Es muy fácil decir...conocés alguna forma de medir parlantes???? Y esperar que alguien busque las cosas en tu lugar...no?...pues bueno...ese es el tema que yo conozco y que toca lo que preguntaron. Si hay otro....no es mi trabajo buscarlo...


----------



## pipa09 (Mar 17, 2011)

comando_co dijo:


> te mando unos planos en formato PDF para construir diferentes tipos de cajas, para parlantes de varias medidas.



Pero estos planos estan diseñados para algun parlante en especifico no?
No creo que sean para todos los parlantes!


----------



## juanfilas (Mar 18, 2011)

exactamente pipa, esos planos no sirven para nada, ya que todos los parlantes tienen t/s distintos, por supuesto que si metes cualquier parlante en cualquier caja suena... pero suena MAL, y como el oído nos miente creemos que hicimos el mejor bafle del mundo y en realidad es pura subjeción ...


----------



## pipa09 (Mar 18, 2011)

juanfilas dijo:


> exactamente pipa, esos planos no sirven para nada, ya que todos los parlantes tienen t/s distintos, por supuesto que si metes cualquier parlante en cualquier caja suena... pero suena MAL, y como el oído nos miente creemos que hicimos el mejor bafle del mundo y en realidad es pura subjeción ...

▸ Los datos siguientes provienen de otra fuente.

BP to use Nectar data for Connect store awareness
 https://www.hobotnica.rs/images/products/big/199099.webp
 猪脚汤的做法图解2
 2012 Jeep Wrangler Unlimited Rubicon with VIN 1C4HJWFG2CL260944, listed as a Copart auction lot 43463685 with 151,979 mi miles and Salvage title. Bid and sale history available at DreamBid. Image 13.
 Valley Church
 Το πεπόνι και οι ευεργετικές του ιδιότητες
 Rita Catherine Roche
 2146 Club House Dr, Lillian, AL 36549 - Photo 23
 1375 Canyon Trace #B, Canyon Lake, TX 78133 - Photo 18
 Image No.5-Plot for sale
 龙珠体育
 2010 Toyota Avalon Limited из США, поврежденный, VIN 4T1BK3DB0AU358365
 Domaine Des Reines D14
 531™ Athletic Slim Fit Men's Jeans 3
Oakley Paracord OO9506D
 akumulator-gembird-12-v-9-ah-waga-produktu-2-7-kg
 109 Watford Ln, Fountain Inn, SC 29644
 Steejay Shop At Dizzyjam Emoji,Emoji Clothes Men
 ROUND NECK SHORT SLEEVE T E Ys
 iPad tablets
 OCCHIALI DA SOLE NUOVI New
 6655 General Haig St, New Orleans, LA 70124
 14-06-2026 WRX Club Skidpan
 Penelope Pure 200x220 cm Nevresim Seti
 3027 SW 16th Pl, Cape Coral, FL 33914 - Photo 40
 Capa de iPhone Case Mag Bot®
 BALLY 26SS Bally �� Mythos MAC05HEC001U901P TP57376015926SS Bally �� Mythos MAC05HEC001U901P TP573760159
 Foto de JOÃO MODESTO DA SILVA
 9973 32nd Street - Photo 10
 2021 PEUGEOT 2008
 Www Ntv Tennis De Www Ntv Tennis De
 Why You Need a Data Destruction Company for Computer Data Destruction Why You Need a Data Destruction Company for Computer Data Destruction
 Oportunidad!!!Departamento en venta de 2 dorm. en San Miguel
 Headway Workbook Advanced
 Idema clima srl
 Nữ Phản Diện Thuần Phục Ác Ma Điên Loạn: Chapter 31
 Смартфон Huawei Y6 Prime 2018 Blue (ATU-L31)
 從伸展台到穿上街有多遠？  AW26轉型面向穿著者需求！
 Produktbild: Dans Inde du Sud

Es verdad, veo que por ahi piden diseños de tal o cual marca para armar sus bafles y luego le colocan un parlante totalmente distinto para el cual se diseño.


----------



## Guille789 (Ago 18, 2020)

Hola, te pregunto, me acabo de comprar un subwoofer nipón américa 8 pulgadas 100w rms y no especifica que litraje lleva el cajón, tenés una idea de cuánto puede llevar?


----------



## ska_gatotw (Ago 18, 2020)

Guille789 dijo:


> Hola, te pregunto, me acabo de comprar un subwoofer nipón américa 8 pulgadas 100w rms y no especifica que litraje lleva el cajón, tenés una idea de cuánto puede llevar?


¿No leíste absolutamente nada? buscá la forma de medir los parlantes, hay dos topics por demás de claros en el foro. Cualquier otra cosa que hagas da igual porque estás a ciegas.


----------